Avec plus de 5564 personnes tuées depuis le déclenchement de la crise, dont plus de la moitié sont des civils, et 26 568 blessés, la crise humanitaire au Yémen a atteint des proportions épiques. Le chef du Comité international de la Croix-Rouge, Peter Maurer, a déclaré que le Yémen ressemblait, après cinq mois de guerre civile, à la Syrie après cinq ans de guerre.

Crédits photos: Mathieu Génon
Crédits photos: Mathieu Génon

Comprendre le conflit

La République du Yémen est un pays jeune, résultat de l’unification en 1990 de la République arabe du Yémen et de la République démocratique et populaire du Yémen. Au fil des ans, l’histoire du Yémen a été troublée par des rivalités entre tribus locales, la montée des mouvements sécessionnistes, l’ingérence étrangère et la présence d’Al-Qaeda sur son territoire.

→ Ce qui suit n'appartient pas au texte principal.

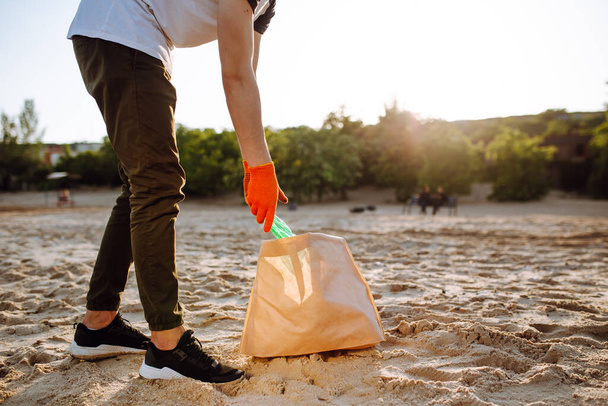 Młody ochotnik odbiera plastikowe śmieci na wybrzeżu oceanu. Człowiek zbiera odpady na wybrzeżu, by ratować ekologię i środowisko. Koncepcja recyklingu odpadów i zanieczyszczeń - Zdjęcie, obraz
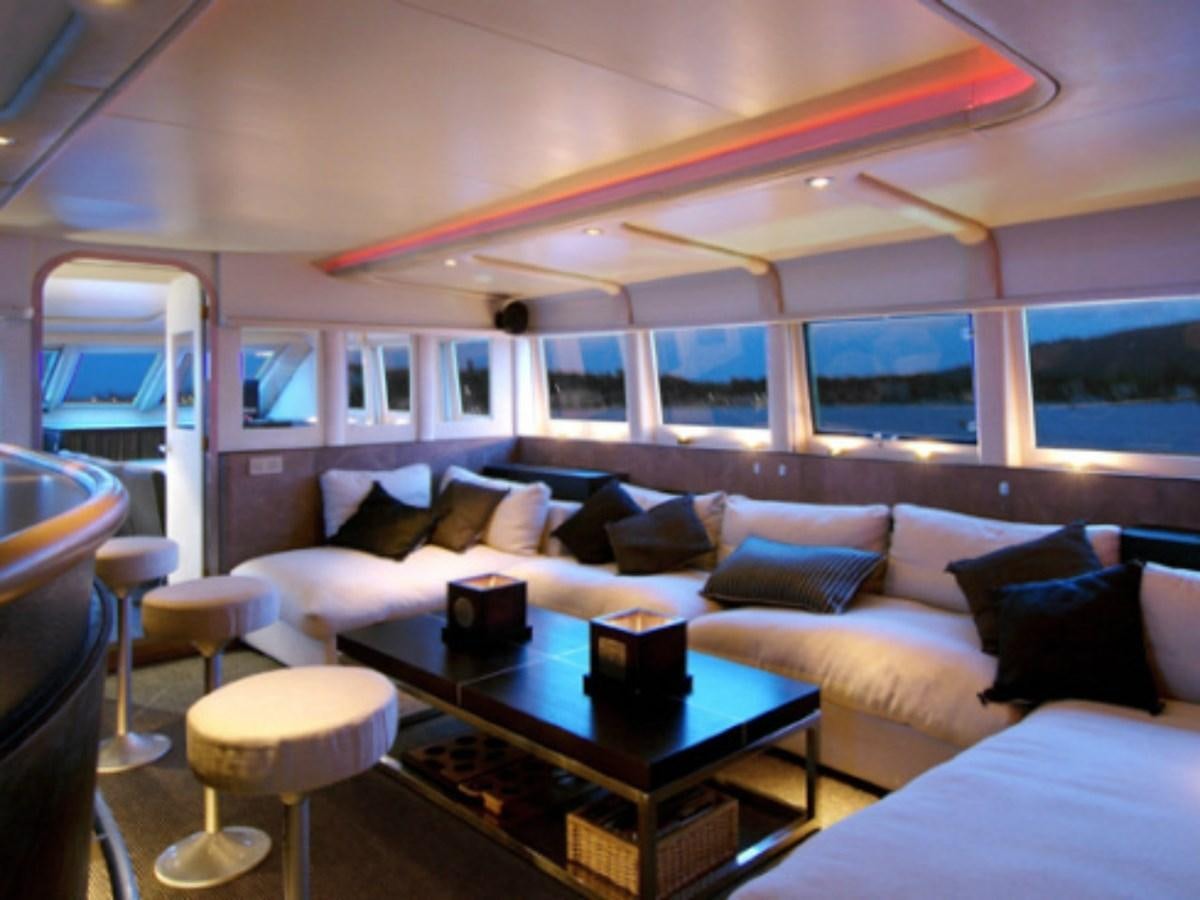 a room with a couch and a table aboard CHATO Yacht for Sale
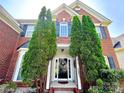 Close-up of the brick home's front door, framed by lush greenery and mature landscaping at 16012 Caranna Ct, Charlotte, NC 28277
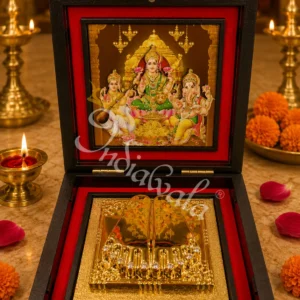 A beautiful 3D laxmi ganesh saraswati charan paduka inside a premium wooden box.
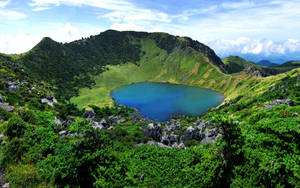 一個寧靜的藍綠色湖泊，位於山頂火山口中，周圍環繞著綠色植被和岩石地形。 — 韓國 壁紙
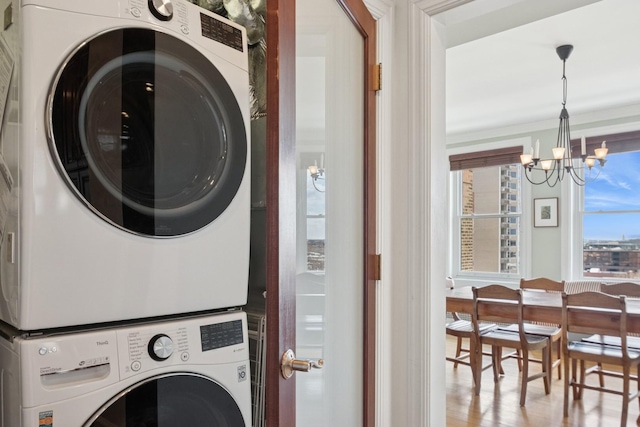 laundry room with laundry area, stacked washing maching and dryer, wood finished floors, and a notable chandelier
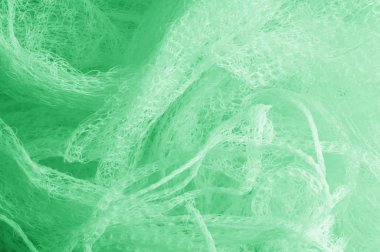 Örgü yeşilli kumaş. Sizin için ruhani parlaklık bir çizgi ekleyin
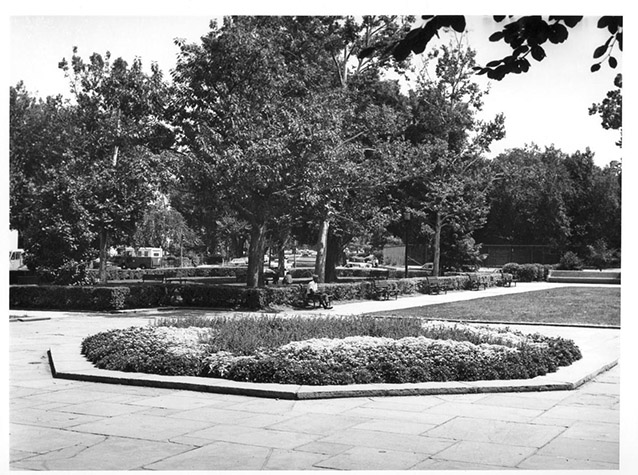 A low-growing flower bed in a central stone plaza with trees, hedges, and lawn beyond.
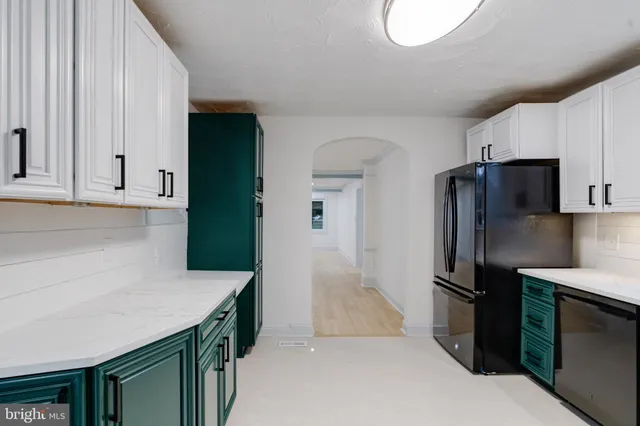 a kitchen with stainless steel appliances granite countertop a sink and a cabinets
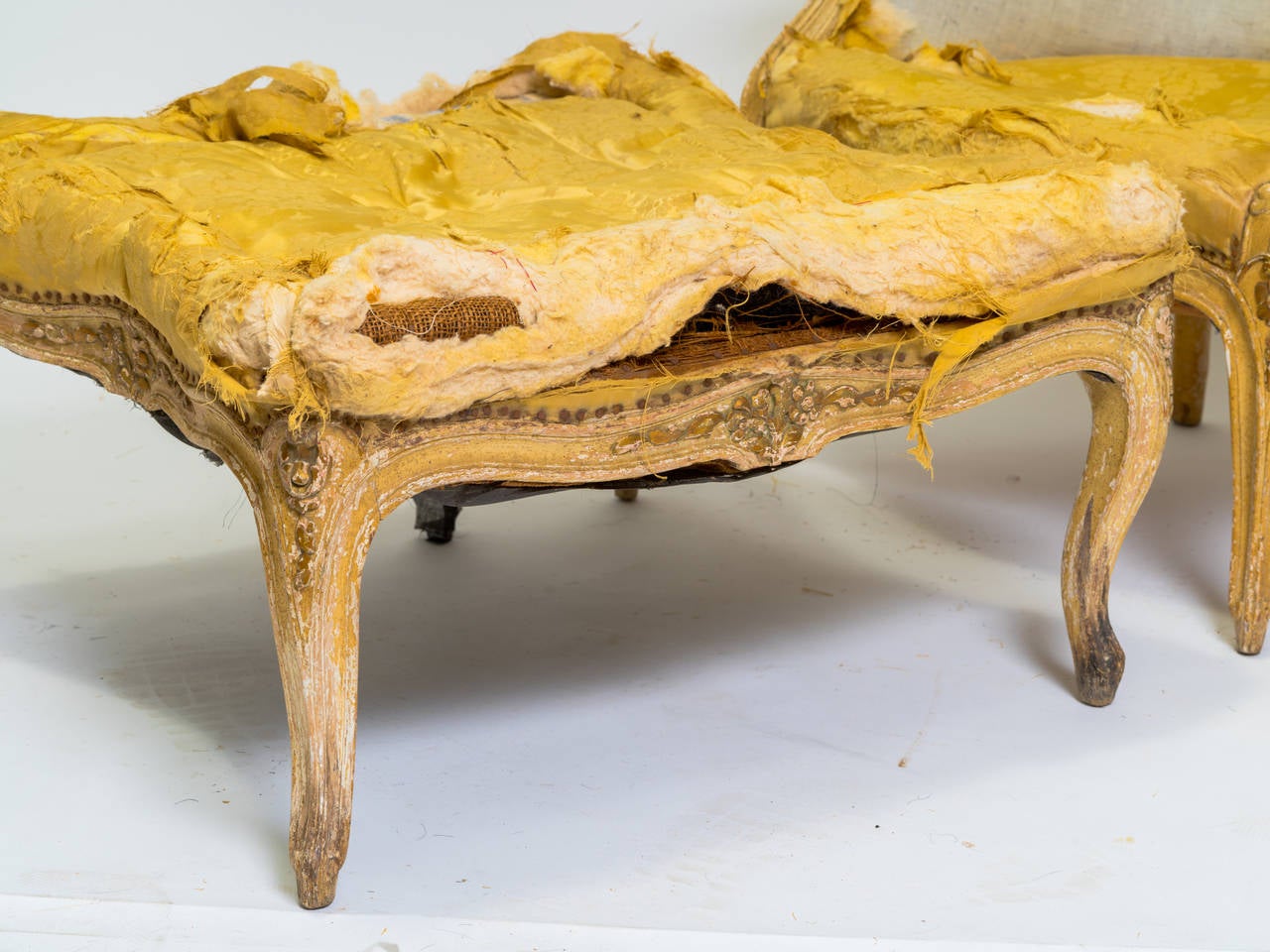 A two-part carved wood chaise, circa 1900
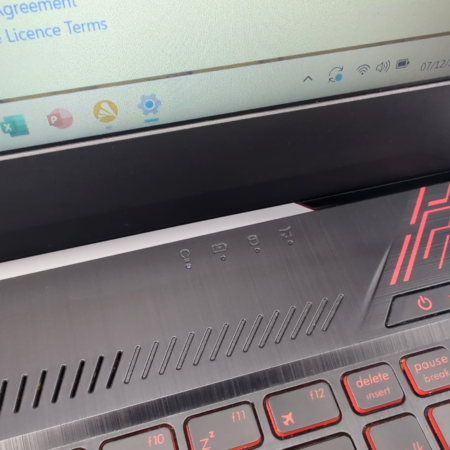 Close-up of a gaming laptop with illuminated red keyboard and open screen displaying software agreement text.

Mais depuis 2011, la situation dans le pays a empiré.

L’unité dans le pays a été difficile à maintenir, différents groupes ayant commencé à se soulever contre le gouvernement; en particulier le mouvement houthiste qui a conduit l’ancien  président Ali Abdallah Saleh à quitter le pays et à abandonner ses fonctions en 2011.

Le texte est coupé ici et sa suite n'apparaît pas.